Author: Sean O’Connell
The BRB Bottomline
On October 2, 2020 India and South Africa proposed a temporary waiver on coronavirus vaccine patent rights in a meeting of the World Trade Organization. With over 100 co-signatories (mostly developing countries), the so-called “TRIPS Vaccine Waiver” has raised questions about intellectual property and access ethics during a pandemic.
With approximately 3 million confirmed fatalities and almost 150 million infections worldwide, the coronavirus’s toll on the global economy and social fabric is immense. However, after thirteen months of grueling quarantines, hospitalizations, and morgue overflows, the cavalry may have arrived. Vaccination rates in the United States are now approaching 40 percent, and daily case numbers have declined from over 300,000 new infections to about 50,000. In other developed countries as well, ambitious vaccine rollouts—64 percent coverage in England and 27 percent in Germany—are stabilizing death and infection rates.

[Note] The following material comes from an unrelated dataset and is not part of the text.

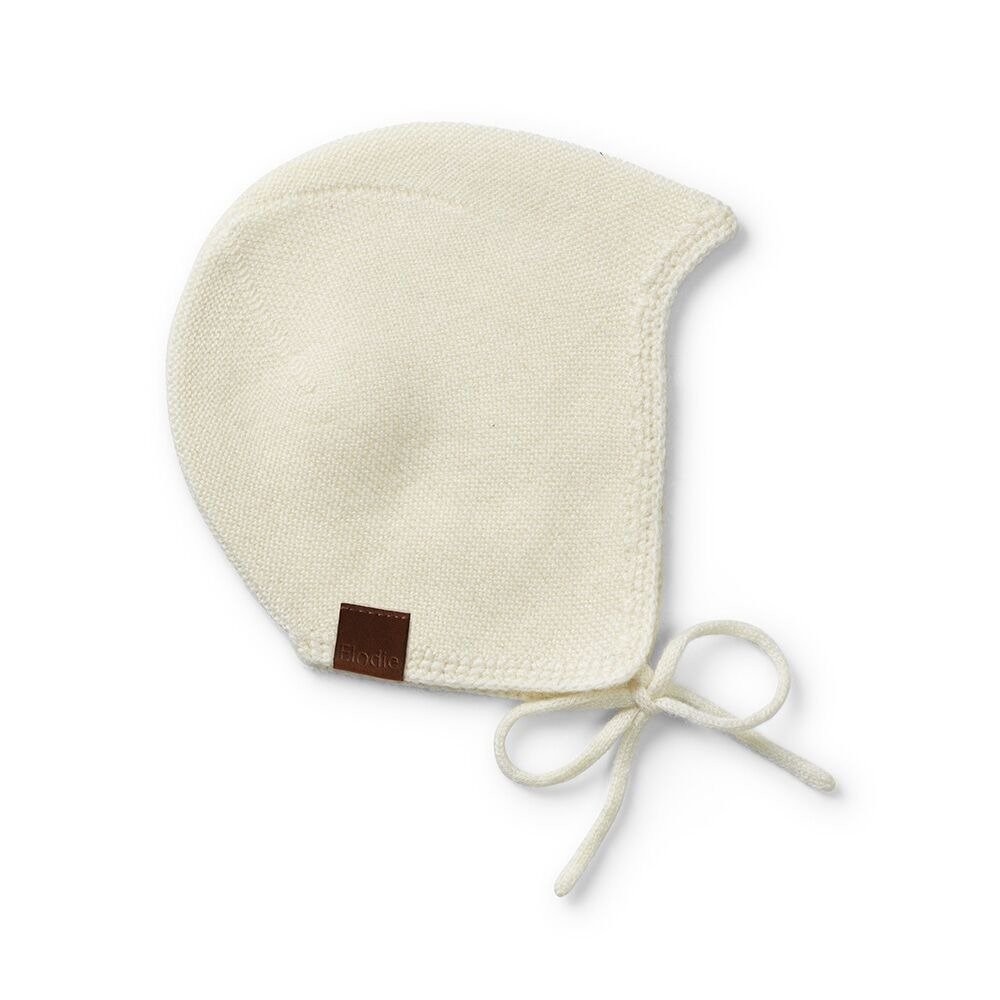 Elodie Details, Czapka Vintage - Vanilla White 6-12 m-cy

The story, unsurprisingly, is very different in developing countries. The world’s most reliable and widely-available vaccines were conceptualized and produced in North America and Europe, including Pfizer, Moderna, AstraZeneca, and Johnson&Johnson. The result is extremely stratified access to coronavirus vaccines throughout the Global South.

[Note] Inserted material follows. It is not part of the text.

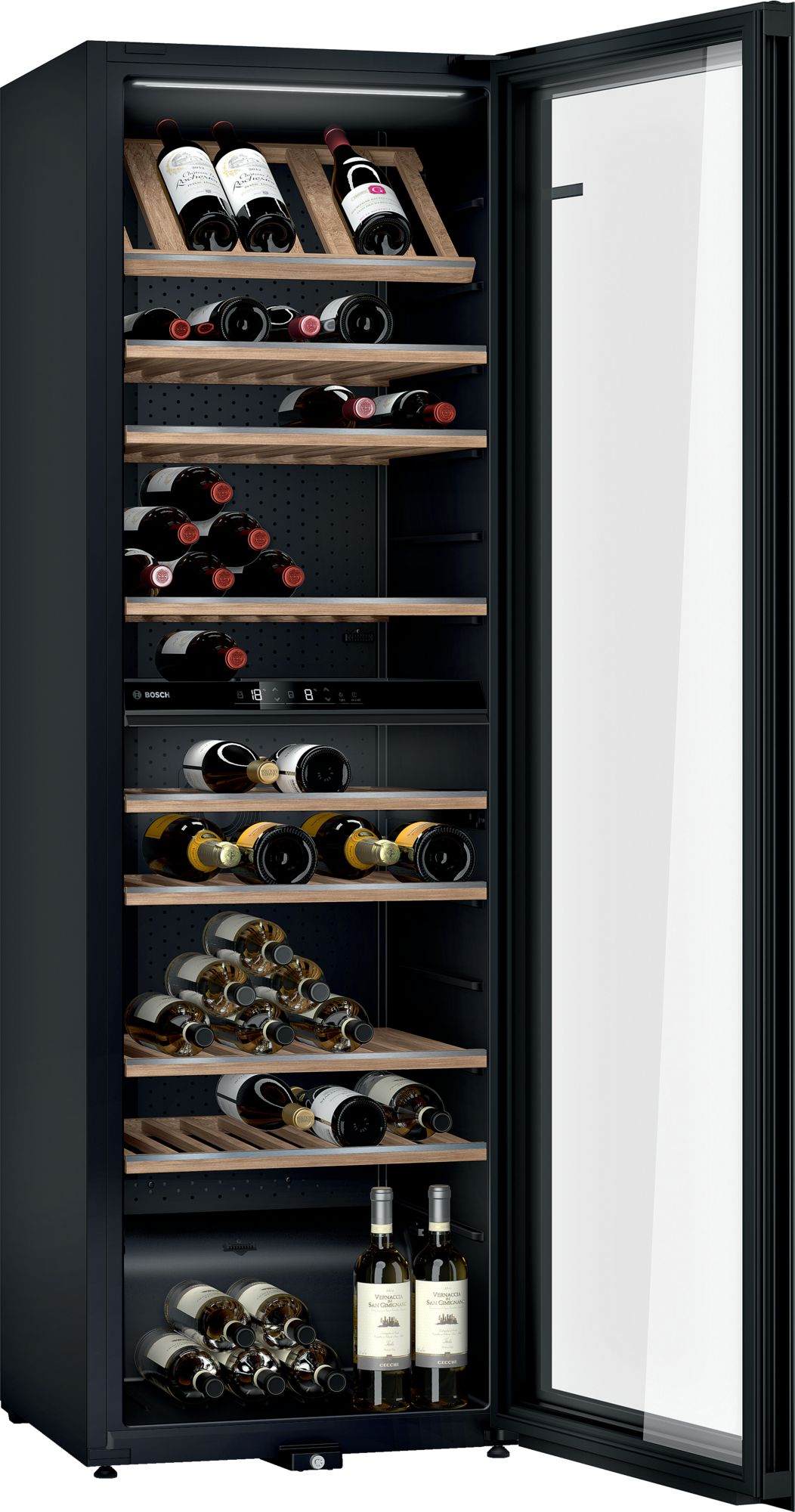 BOSCH KWK36ABGA SERIE 6 cave à vin pose-libre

According to current World Bank estimates, the pandemic has already significantly widened income disparities within and across countries: plunging perhaps more than 150 million individuals back into extreme poverty worldwide. A lack of in-house vaccine providers and limited financial resources likely means many developing countries facing the brunt of this socio economic crisis will have to wait in line as their wealthier neighbors take the majority of initial vaccine stockpiles. The majority of the 6.4 billion pre-ordered vaccines out of 12.5 billion pledged for 2021 by vaccine providers will go to developing countries. Exacerbating the problem, some developed countries have been accused of stockpiling excess vaccines or refusing to allow pharmaceutical companies to export shipments to developing nations: the EU allegedly ordered three times more vaccines than it’s population requires. By some estimates, many developing countries may need to wait two or three years before the majority of their citizens will have access to mass-market vaccines.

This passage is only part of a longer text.